The Connecticut Supreme Court determined that trial counsel's decision was an exercise of trial strategy and did not constitute deficient performance.4 319 Conn. at 636 ("Preventing the jury from watching the video recording of E's prior consistent statement constitutes a reasonable strategic basis for declining to call an expert witness like Sgroi because it would have been damaging to the petitioner's defense."). The conclusion that the decision was strategic is supported by the record (see note 3, supra), and the damaging nature of the recorded statement suggests that it was a reasonable strategic choice. In any event, this Court concludes that the Connecticut Supreme Court's decision rejecting the petitioner's claim was a reasonable application of the Strickland standard. Strickland, 466 U.S. at 689 ("[T]he defendant must overcome the presumption that, under the circumstances, the challenged action might be considered sound trial strategy."). As this Court agrees that the state court reasonably decided the claim under the performance prong of the standard, it need not address the prejudice prong. The petition for writ of habeas corpus is denied on this ground.

VI. Conclusion

The petition for writ of habeas corpus [Doc. No. 1] is DENIED. Any appeal of this order would not be taken in good faith. Thus, a certificate of appealability will not issue.

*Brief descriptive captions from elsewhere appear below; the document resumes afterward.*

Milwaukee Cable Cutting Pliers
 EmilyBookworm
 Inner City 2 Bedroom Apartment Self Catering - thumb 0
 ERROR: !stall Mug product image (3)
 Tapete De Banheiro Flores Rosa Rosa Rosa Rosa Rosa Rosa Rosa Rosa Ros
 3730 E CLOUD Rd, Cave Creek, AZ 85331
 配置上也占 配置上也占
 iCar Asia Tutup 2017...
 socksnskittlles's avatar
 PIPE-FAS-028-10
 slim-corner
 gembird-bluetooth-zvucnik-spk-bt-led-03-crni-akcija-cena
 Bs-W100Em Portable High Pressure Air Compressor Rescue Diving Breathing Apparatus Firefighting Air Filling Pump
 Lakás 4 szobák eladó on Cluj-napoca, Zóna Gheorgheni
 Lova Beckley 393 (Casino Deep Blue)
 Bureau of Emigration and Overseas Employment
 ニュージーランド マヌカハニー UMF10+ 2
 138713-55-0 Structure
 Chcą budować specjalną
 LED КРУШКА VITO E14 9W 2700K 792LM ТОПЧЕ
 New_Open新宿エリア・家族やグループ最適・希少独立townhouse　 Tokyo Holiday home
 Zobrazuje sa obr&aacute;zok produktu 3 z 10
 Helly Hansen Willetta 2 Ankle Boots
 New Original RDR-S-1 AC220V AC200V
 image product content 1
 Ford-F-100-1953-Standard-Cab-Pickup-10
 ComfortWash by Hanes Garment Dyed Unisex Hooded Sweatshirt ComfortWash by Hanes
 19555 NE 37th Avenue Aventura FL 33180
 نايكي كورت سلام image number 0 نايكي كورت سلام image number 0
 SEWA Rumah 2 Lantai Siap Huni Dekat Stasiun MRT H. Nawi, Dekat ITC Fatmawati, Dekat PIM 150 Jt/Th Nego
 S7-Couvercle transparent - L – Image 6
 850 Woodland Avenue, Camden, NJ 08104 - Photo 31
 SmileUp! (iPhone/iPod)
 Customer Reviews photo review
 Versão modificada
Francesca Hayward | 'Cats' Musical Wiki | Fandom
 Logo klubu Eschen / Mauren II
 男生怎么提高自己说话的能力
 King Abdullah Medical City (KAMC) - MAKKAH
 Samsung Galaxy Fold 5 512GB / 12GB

The Clerk is directed to enter judgment in favor of the respondent and close this case.

SO ORDERED.

FootNotes


1. The statute provided that a person would be guilty of murder in the second degree, if "[u]nder circumstances evincing a depraved indifference to human life, he recklessly engages in conduct which created a grave risk of death to another person, and thereby causes the death of another person." Kibbe, 431 U.S. at 148 (internal quotation marks omitted).
2. The Court notes that the information alleged that the crime occurred in the first half of 2002 and the trial was held in 2004. Thus, if the jury found that the crime had occurred, it would necessarily have been within the five-year limitations period set forth in Connecticut General Statutes § 54-193(b).
3. As the Connecticut Supreme Court noted, this tactic, as well as the arguments made by both sides in the state habeas proceedings, appears to have been based on the assumptions that "the video recording of the second forensic interview . . . would have been admissible as a prior consistent statement," and that "any expert opinion evidence that served to impeach the reliability of [the victim's] disclosure would have provided a basis to admit the video recording, whereas elicitation of comparable evidence through cross-examination of the state's witnesses would not have provided a basis for its admission." Michael T., 319 Conn. at 633. The Connecticut Supreme Court noted that the petitioner made no challenge to these assumptions in the habeas appeal before it. Id. That may have been because the parties apparently made similar assumptions during the trial. The record reflects that while the State did not object to some cross-examination of its expert by defense counsel concerning her opinions about a child's delayed disclosure of sexual abuse, questioning that more directly and explicitly challenged the credibility of the victim in this case (for example, by asking the expert about the susceptibility of children the age of the victim to being influenced to please adults during investigative interviews) would have prompted it to seek to introduce the video as a prior consistent statement; the record also reflects that the petitioner's trial counsel reacted to the State's position by eschewing any lines of questioning that would have led the State to seek to admit the video. See ECF No. 18-2 at 47-51. This back and forth between the prosecutor and the petitioner's trial counsel provides support for the Connecticut Supreme Court's finding that the failure to call an expert that more directly raised doubts about the victim's credibility was a strategic choice motivated by defense counsel's desire to avoid introduction of the video.
4. In reaching this decision, the court also noted that much of the information the petitioner's expert relied upon in testifying at the habeas hearing was not in evidence at trial, and her testimony challenging the credibility of the victim was vulnerable to attack on other grounds. Id. at 637-38, 126 A.3d at 567.